Functions as first-class data has _nothing_ to do with manipulation of
machine code, or even the generation of the machine code. The language can
be entirely compiled beforehand, and functions generated and manipulated at
will. Lisp macros are about manipulation the program text/structure before
it is compiled. 'eval' is about having the compiler available at runtime
so new pieces of code can be synthesized while the system is running. They
are three very distinct concepts.
Generally, in a functional language, the piece of data that represents a
function is _not_ the actual code for that function. One representation,
would be as a pointer two a pair of pointers (there are more efficient
ways, though). The first pointer would be the address of the machine code
for the operation, and the second would be to the closure the function
needs.
Let's say I write:
(define (foo x)
(lambda (y) (+ x y)))
If I invoke (foo x), I get back a function. My implementation show it as
something like #<procedure #f (y)> (the #f is because I didn't give it a
name).
This function object coming back has a pointer to a piece of generated code
(generated at compile time), and a pointer to a closure, which in this case
will contain a single value that has what was passed into foo.
Now, try:
(define addem (foo 4))
Notice that 'addem' is defined as a variable definition, not as a function
definition. It gets this function object with a pointer to the generated
code for the lambda, and a newly created closure which contains a 4.
Now we can do
(addem 5)
9
and invoke our new function.

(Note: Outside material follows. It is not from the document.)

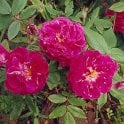 Amadis (Rambling Rose) Bare Root Rose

Perhaps this will be clearer if our special
function modifies the closure.
(define (bar x)
(lambda (y)
(set! x (+ x y))
x))
(define addbar (bar 4))
The behavior is a bit different here:
(addbar 5)
9
(addbar 3)
12
The copy of the '4' that was made into the new closure is now being
modified by the lambda expression. Each invocation of 'bar' will give me a
new closure, which will have it's own added.